Sejumlah sinagoga di Australia, bersama bisnis dan rumah warga Yahudi, menjadi sasaran serangan sejak pecahnya konflik di Gaza yang dipicu oleh serangan Hamas ke Israel pada 7 Oktober 2023.
Pada Oktober 2024, dua pria bertopeng membakar Lewis’ Continental Kitchen di Bondi setelah menyiramnya dengan bahan pemicu api. Bulan berikutnya, pelaku menyemprotkan grafiti anti-Israel dan membakar sebuah kendaraan di Woollahra—kawasan dengan komunitas Yahudi besar—yang merusak lebih dari 10 mobil dan beberapa bangunan.
Pada Desember tahun lalu, pelaku membobol Sinagoga Adass Israel di Ripponlea, Victoria, dan menyebarkan bahan pemicu api dalam apa yang digambarkan polisi sebagai kemungkinan serangan teroris. Beberapa hari kemudian, serangan grafiti dan pembakaran lainnya menyasar sebuah jalan di Woollahra yang dipilih karena dianggap sebagai kawasan Yahudi.
Pada periode yang sama, sekitar 20 anggota kelompok neo-Nazi berkumpul di luar sebuah gedung pemerintah di Melbourne dengan membawa spanduk bertuliskan “Yahudi membenci kebebasan.”
Tahun ini, Albanese mengatakan Australia menemukan intelijen bahwa Korps Garda Revolusi Islam Iran mengarahkan setidaknya dua serangan pembakaran tahun lalu—termasuk insiden restoran Bondi dan sinagoga di Melbourne—yang mendorong Canberra mengusir duta besar Iran, langkah pertama semacam itu sejak Perang Dunia II.
Kejahatan Senjata Api
Serangan di Bondi kembali menyoroti celah dalam kerangka pengendalian senjata api Australia, sistem yang kerap dijadikan rujukan internasional. Namun, penerapannya dinilai masih belum merata.

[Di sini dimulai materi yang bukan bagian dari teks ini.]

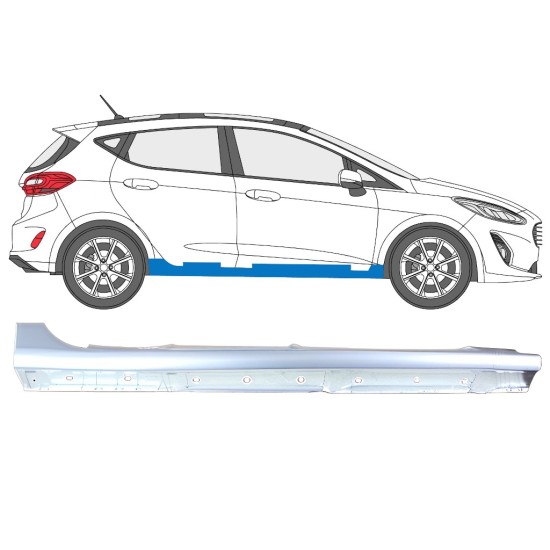 Prag za Ford Fiesta 2017-2023 / Desna 16265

Laporan Australia Institute pada Januari menemukan bahwa seluruh negara bagian dan teritori belum memenuhi tolok ukur utama pengawasan yang efektif, termasuk transparansi pelaporan data dan pembatasan jumlah senjata api yang dapat dimiliki secara legal oleh seseorang.
Laporan tersebut juga menunjukkan konsentrasi kepemilikan senjata yang kian tinggi: rata-rata pemegang lisensi memiliki lebih dari empat senjata api, bahkan dua warga di pinggiran Sydney tercatat masing-masing memiliki lebih dari 300 senjata.
Dengan menggunakan kartu penilaian untuk mengukur yurisdiksi berdasarkan kebijakan seperti batas kepemilikan dan ketersediaan data, Australia Institute menilai New South Wales—yang menjadi rumah bagi Sydney—sebagai wilayah dengan kinerja transparansi terbaik, meski kelemahan di tingkat nasional masih bertahan.